• [Task prompt]:
From the listing below, please restate exactly the lines beginning at the one with "GREAT COMMERCIAL OPPORTUNITY" and ending at the one with "2026 BMW 3 Series 330i Sedan's photo", both included, and skip the pictures.

• [Data provided]:
----

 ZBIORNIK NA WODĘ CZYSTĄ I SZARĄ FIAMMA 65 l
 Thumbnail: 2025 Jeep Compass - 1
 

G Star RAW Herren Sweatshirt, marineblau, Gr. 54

----

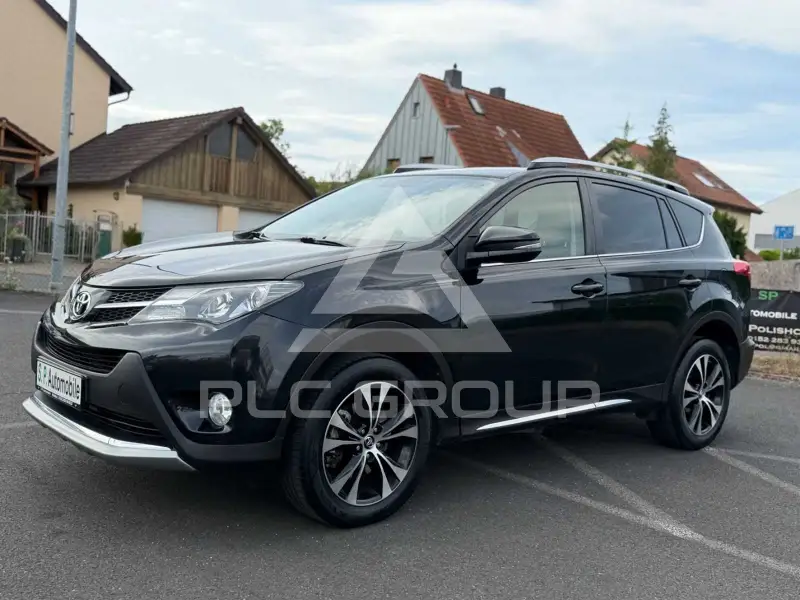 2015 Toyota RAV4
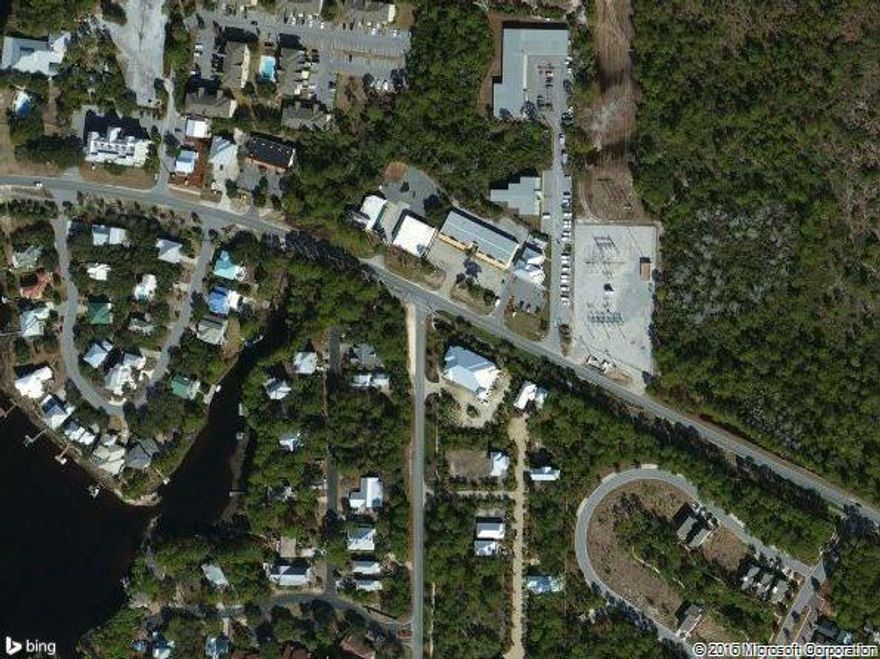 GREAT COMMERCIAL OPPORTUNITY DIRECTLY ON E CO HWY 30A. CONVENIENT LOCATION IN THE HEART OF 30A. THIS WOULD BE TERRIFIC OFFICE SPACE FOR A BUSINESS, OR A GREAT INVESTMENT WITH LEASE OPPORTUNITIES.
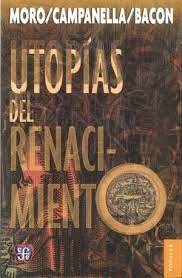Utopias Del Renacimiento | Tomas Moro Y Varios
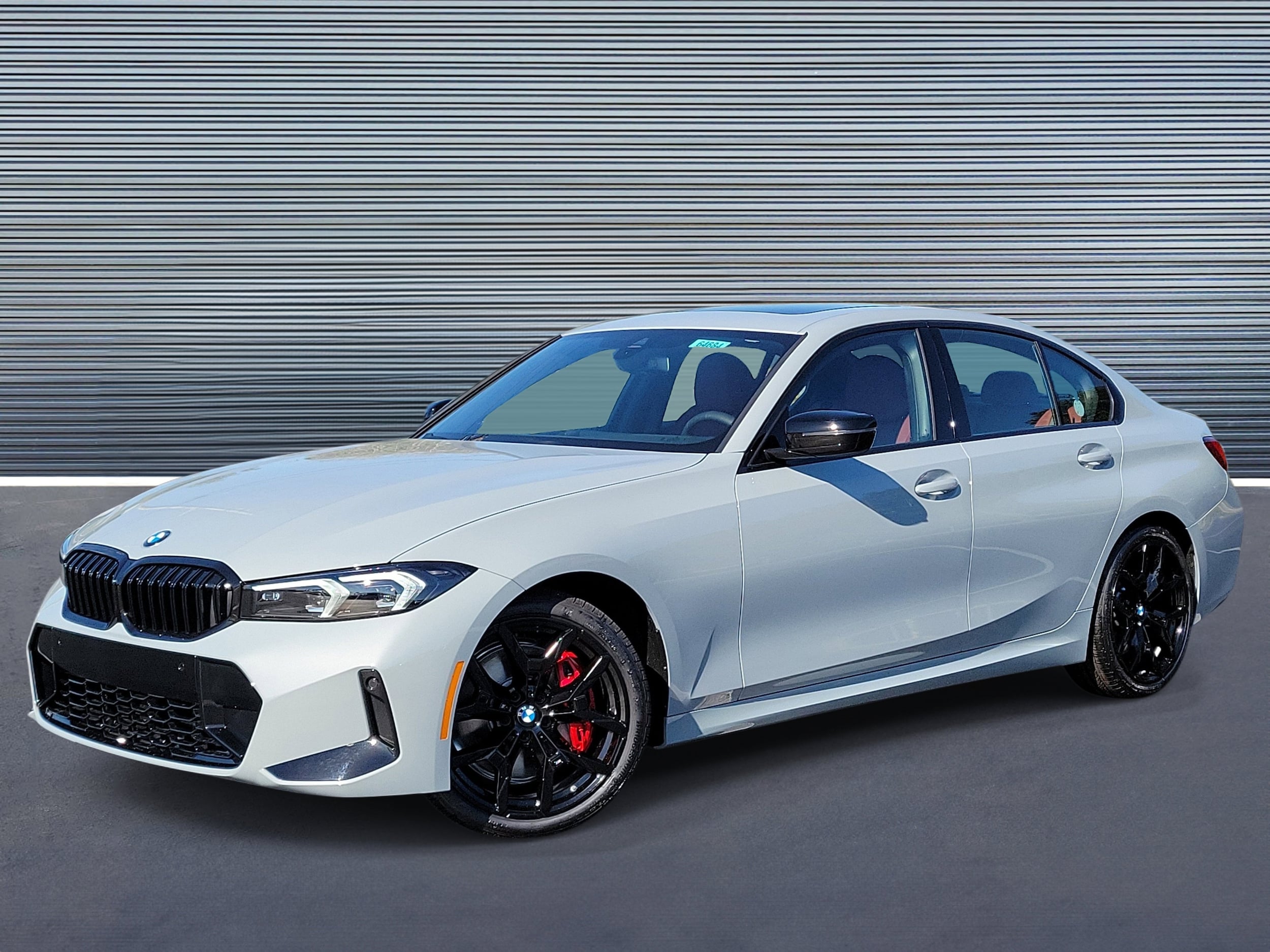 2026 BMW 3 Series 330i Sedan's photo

----

• [Written reply]:
 GREAT COMMERCIAL OPPORTUNITY DIRECTLY ON E CO HWY 30A. CONVENIENT LOCATION IN THE HEART OF 30A. THIS WOULD BE TERRIFIC OFFICE SPACE FOR A BUSINESS, OR A GREAT INVESTMENT WITH LEASE OPPORTUNITIES.
Utopias Del Renacimiento | Tomas Moro Y Varios
 2026 BMW 3 Series 330i Sedan's photo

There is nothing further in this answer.